All lines between the start of the listing below and the line containing "Mellow Motion Full Corner Leather Taupe", inclusive, must be repeated exactly.

○ ○ ○ ○

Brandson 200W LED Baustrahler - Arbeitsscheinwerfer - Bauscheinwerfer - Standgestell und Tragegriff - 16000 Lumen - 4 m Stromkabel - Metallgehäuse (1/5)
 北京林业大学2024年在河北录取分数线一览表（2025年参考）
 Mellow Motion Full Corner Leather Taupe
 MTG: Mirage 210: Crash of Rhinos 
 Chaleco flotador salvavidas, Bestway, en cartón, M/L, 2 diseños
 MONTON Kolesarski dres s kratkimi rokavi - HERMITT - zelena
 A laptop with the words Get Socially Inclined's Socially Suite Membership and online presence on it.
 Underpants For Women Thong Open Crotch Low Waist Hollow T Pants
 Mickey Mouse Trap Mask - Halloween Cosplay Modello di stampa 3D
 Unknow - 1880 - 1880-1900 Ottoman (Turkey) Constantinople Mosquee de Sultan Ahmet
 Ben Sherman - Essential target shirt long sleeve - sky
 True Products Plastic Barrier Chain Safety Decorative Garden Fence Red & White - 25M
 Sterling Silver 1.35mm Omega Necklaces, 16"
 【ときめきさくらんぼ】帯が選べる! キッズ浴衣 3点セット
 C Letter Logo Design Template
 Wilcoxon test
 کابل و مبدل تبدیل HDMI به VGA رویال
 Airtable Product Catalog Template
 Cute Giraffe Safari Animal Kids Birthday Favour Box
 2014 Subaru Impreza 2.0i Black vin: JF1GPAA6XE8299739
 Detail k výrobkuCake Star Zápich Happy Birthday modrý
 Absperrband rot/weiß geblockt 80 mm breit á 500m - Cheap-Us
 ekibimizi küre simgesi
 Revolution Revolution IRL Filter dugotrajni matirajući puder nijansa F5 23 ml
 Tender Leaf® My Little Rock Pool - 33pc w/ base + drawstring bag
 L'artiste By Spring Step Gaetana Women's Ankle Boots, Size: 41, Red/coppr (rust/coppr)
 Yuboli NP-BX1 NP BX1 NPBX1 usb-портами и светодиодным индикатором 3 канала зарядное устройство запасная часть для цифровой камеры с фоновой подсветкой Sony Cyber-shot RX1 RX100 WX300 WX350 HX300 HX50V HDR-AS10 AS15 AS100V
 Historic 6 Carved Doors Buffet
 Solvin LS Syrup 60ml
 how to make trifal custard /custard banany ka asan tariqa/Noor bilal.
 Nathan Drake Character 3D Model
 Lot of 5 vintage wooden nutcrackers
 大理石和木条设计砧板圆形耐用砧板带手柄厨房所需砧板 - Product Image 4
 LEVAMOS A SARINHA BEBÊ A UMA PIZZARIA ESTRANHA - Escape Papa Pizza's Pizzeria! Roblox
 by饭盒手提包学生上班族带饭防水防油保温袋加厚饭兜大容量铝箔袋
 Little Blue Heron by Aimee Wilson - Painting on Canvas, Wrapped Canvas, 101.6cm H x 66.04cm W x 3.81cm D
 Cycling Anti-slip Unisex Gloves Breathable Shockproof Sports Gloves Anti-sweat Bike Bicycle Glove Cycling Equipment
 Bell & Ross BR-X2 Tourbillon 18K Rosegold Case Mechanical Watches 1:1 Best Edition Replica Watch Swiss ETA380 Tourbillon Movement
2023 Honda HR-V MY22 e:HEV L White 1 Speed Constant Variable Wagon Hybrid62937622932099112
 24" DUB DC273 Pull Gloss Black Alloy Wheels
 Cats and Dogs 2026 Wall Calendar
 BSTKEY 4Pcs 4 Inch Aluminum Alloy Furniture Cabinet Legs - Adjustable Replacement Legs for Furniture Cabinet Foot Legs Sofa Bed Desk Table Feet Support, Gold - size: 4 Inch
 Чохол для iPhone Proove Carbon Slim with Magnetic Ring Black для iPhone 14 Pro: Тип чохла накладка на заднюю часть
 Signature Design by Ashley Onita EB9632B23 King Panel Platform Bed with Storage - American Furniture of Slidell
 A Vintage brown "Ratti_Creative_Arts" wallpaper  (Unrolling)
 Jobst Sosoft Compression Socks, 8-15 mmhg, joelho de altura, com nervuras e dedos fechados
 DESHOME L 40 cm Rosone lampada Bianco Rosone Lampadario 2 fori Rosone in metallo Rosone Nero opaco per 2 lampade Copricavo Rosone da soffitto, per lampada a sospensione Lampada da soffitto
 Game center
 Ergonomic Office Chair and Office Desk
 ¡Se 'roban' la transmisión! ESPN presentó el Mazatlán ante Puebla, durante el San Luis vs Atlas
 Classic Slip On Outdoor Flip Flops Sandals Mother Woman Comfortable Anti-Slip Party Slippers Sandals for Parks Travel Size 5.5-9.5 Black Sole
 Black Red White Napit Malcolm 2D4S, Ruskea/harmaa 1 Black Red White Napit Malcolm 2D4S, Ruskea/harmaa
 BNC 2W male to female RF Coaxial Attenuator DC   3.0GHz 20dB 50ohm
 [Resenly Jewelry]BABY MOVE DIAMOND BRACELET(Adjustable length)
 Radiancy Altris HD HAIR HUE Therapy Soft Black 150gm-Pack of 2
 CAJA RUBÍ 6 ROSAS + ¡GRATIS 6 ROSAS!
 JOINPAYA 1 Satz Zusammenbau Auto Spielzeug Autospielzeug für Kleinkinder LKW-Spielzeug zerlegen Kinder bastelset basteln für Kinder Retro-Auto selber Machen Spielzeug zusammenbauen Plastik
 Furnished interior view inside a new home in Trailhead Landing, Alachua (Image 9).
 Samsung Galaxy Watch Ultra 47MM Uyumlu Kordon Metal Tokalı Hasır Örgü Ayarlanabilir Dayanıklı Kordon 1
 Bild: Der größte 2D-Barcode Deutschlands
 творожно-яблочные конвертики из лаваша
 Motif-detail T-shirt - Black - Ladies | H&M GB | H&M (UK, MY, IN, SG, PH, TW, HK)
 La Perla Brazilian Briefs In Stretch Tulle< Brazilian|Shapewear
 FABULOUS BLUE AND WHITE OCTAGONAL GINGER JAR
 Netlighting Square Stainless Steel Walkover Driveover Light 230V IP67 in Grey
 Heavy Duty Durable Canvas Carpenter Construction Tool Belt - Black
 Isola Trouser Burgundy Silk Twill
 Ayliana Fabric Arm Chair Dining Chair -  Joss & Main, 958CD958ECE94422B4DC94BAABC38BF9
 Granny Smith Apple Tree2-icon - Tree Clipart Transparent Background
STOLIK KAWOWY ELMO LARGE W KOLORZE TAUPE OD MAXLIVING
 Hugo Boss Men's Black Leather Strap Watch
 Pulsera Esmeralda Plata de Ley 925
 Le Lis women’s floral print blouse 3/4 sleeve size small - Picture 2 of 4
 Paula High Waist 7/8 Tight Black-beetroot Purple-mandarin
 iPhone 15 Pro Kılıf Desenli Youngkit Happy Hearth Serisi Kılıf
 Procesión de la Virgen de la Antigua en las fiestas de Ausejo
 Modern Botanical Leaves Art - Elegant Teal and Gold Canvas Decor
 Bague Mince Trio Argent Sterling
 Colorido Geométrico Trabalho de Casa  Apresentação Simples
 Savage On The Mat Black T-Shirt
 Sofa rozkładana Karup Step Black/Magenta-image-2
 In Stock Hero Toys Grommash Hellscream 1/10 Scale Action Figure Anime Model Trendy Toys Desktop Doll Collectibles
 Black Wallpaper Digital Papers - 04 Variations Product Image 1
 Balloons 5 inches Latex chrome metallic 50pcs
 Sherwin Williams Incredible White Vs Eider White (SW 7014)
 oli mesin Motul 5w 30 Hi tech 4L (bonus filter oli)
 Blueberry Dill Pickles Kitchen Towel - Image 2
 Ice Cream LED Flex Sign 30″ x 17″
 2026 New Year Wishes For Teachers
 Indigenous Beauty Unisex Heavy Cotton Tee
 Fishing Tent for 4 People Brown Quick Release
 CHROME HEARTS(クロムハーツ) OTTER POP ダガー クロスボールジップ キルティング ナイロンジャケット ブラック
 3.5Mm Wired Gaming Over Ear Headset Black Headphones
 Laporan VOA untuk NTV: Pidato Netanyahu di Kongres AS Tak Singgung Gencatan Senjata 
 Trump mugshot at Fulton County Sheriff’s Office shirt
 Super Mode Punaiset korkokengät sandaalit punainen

○ ○ ○ ○

▶ Result of this exercise:
Brandson 200W LED Baustrahler - Arbeitsscheinwerfer - Bauscheinwerfer - Standgestell und Tragegriff - 16000 Lumen - 4 m Stromkabel - Metallgehäuse (1/5)
 北京林业大学2024年在河北录取分数线一览表（2025年参考）
 Mellow Motion Full Corner Leather Taupe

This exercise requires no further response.